(Data for review begins)

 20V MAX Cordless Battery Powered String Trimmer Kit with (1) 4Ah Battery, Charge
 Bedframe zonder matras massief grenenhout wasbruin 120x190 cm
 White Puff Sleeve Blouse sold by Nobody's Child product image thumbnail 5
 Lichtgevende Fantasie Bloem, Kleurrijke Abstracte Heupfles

(Data for review ends)
(Data for review begins)

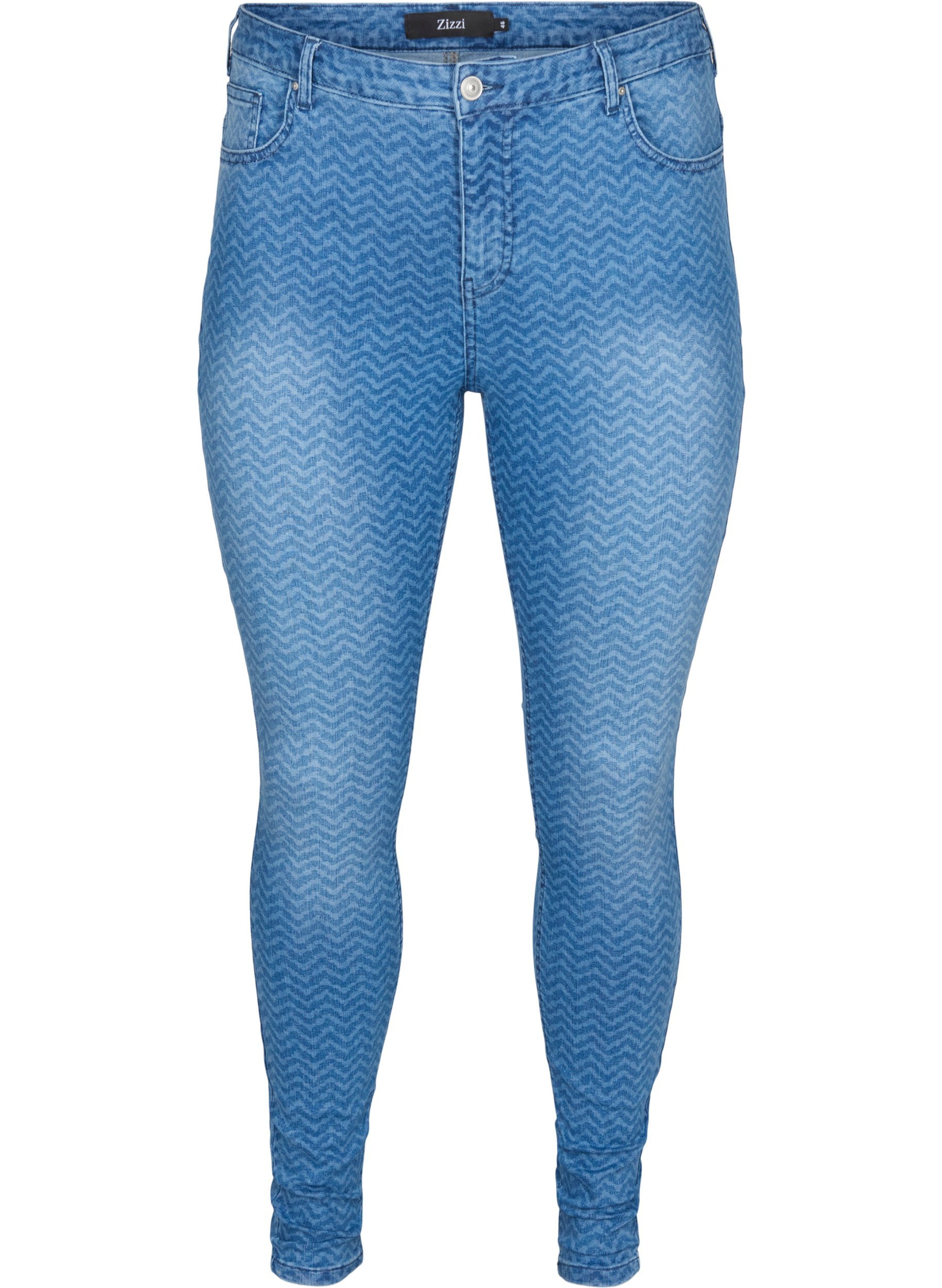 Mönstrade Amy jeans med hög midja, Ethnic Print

(Data for review ends)

Task goal:
Look through the material above and print exactly the lines from the one containing "20V MAX Cordless" to the one containing "Lichtgevende Fantasie Bloem, Kleurrijke", both included, and nothing more.

Answer box:
 20V MAX Cordless Battery Powered String Trimmer Kit with (1) 4Ah Battery, Charge
 Bedframe zonder matras massief grenenhout wasbruin 120x190 cm
 White Puff Sleeve Blouse sold by Nobody's Child product image thumbnail 5
 Lichtgevende Fantasie Bloem, Kleurrijke Abstracte Heupfles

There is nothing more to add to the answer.